> [Records drawn from a dataset]
━━━━━━━━━━━━━━━━━━━━

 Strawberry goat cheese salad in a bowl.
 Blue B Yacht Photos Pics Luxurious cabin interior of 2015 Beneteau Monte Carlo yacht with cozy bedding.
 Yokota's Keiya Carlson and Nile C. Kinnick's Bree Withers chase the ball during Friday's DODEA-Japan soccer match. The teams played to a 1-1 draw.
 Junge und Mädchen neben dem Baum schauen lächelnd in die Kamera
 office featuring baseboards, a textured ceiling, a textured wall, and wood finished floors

━━━━━━━━━━━━━━━━━━━━

> [ACTION ITEM] Once you have read the records above, set every one of them down again exactly.

> [ANSWER BOX]
 Strawberry goat cheese salad in a bowl.
 Blue B Yacht Photos Pics Luxurious cabin interior of 2015 Beneteau Monte Carlo yacht with cozy bedding.
 Yokota's Keiya Carlson and Nile C. Kinnick's Bree Withers chase the ball during Friday's DODEA-Japan soccer match. The teams played to a 1-1 draw.
 Junge und Mädchen neben dem Baum schauen lächelnd in die Kamera
 office featuring baseboards, a textured ceiling, a textured wall, and wood finished floors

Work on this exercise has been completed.